Concernant la dégradation de la note de la France par Fitch, je serai extrêmement prudent. Je ne me prononce pas sur les attendus de la décision, ni sur la décision elle-même. Je ne crois pas beaucoup à un impact fort de cette décision sur le coût de notre crédit. J'ai été ministre des finances en 2012 et 2013, à l'époque où l'on se battait sur la ligne de front du triple A. Les effets ont, en réalité, été très faibles. J'ai tendance à penser que les agences de notation ont un rôle moins important que durant la crise financière. Nous ne sommes pas tout à fait à la même époque. La note française reste convenable et la signature de la France est bonne. Ceci ne signifie pas que ce soit sans conséquence sur les politiques publiques. Je pense qu'il faut en tirer une leçon en forme d'alerte : des perspectives crédibles d'amélioration de nos finances publiques sont nécessaires.

Dès lors, je pense que des mesures non financées devraient être évitées. C'est la raison pour laquelle nos avis comportent en effet, monsieur le président, un nouveau message qui porte sur les prélèvements obligatoires. Il ne m'appartient pas, madame la députée, d'indiquer quels prélèvements doivent augmenter ou diminuer ni ce à quoi nous pensons. Ce n'est pas du tout notre rôle.
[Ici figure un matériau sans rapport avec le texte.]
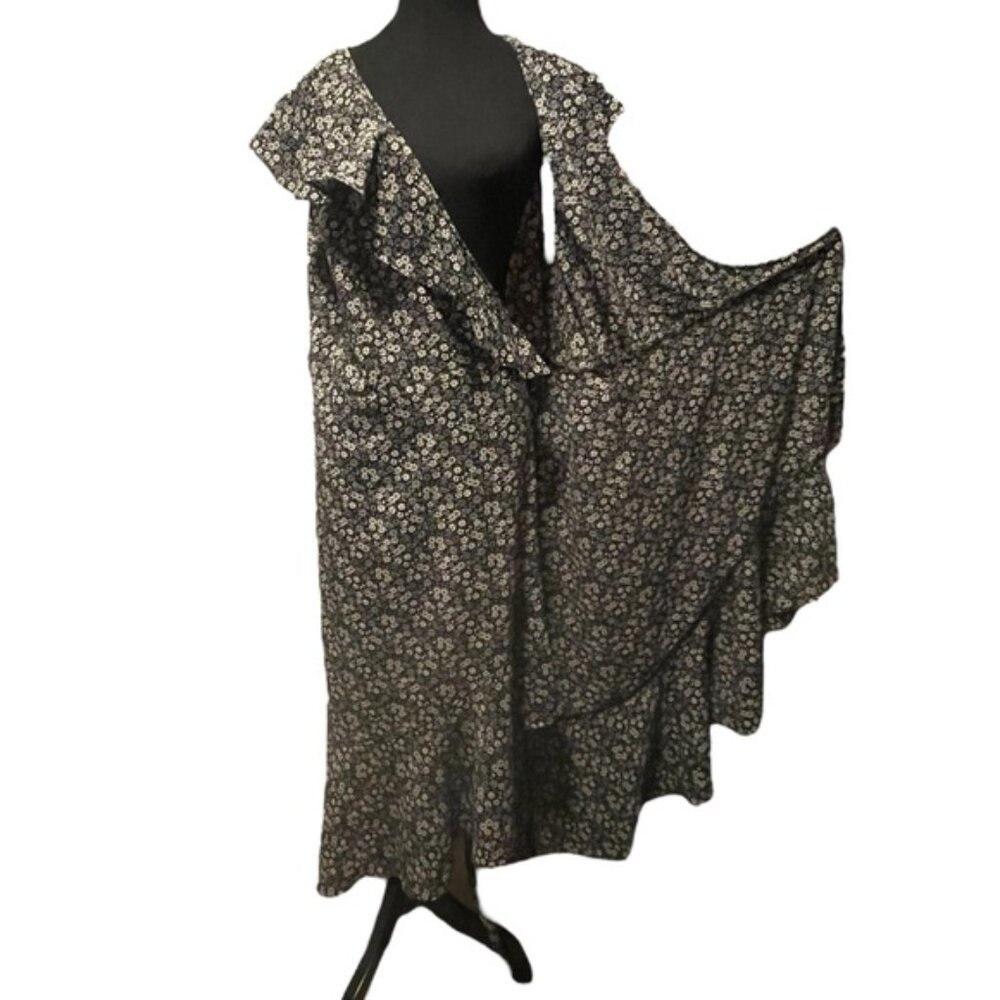Plus Size Black Floral Flouncy Tiered Wrap Around Dress Tie Ruffles V Neck Sz 2X - Picture 5 of 15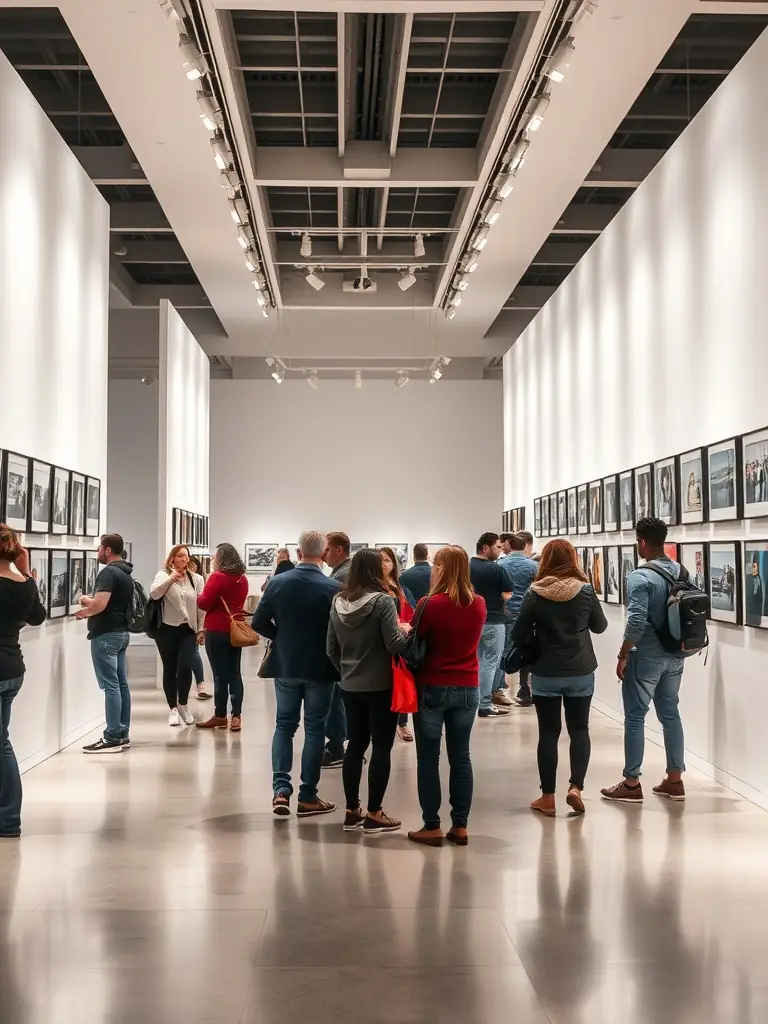 A photograph of an art exhibition at LA COUR DES ARTS, featuring a diverse collection of paintings, sculptures, and mixed media artworks. Visitors are seen admiring the art, creating a vibrant and engaging atmosphere.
Nous précisons simplement, dans un souci d'équilibre général, que si le Gouvernement décide de diminuer les impôts – décision pour laquelle il aurait toute légitimité –, on ne peut plus le faire de manière non financée. S'il y a un message politique fort dont je voudrais qu'il soit retenu de nos échanges, c'est celui-ci. S'il y a des baisses d'impôts, elles doivent être compensées par des hausses équivalentes ou par des baisses équivalentes, ou encore par une combinaison d'actions sur ces deux leviers. On ne peut se permettre de créer de nouvelles sources de déficit à travers de telles décisions. Ce ne serait pas un bon signal.

Dans le même souci, la revue des dépenses publiques prévue par Bruno Le Maire me paraît indispensable pour étayer les réformes nécessaires. La Cour des comptes y participera à travers les notes structurelles que j'ai évoquées.

Les observations que contient notre avis ne portent aucune condamnation. Les objectifs et la volonté affichés vont dans la bonne direction. Il est bien de prendre en compte le désendettement et de vouloir réduire plus rapidement le déficit. Il est effectivement souhaitable de vouloir sortir plus rapidement de la période d'augmentation de la dette dans laquelle nous sommes. Il faut s'en donner les moyens. Or les hypothèses retenues sont plutôt favorables aux objectifs poursuivis. Il y a là un petit hiatus qu'il faudra combler d'une façon ou d'une autre. Je pense en effet qu'une loi de programmation est indispensable. Certes, le programme de stabilité prévoit et anticipe mais il ne programme pas nos dépenses publiques. Tel n'est pas son rôle. Il faut donc que l'Assemblée nationale vote une telle loi et que celle-ci soit crédible. Elle constituera alors une ancre pour une stratégie de désendettement. Si elle ne l'est pas, elle devient une source de perplexité (y compris pour ceux qui nous observent), ce qui n'est pas sans rapport avec les questions précédentes que j'évoquais. Nous appartenons à une union monétaire, l'euro, que nos compatriotes approuvent, quelles que soient leurs opinions politiques. Dès lors qu'on fait partie d'une copropriété, il faut en observer le règlement.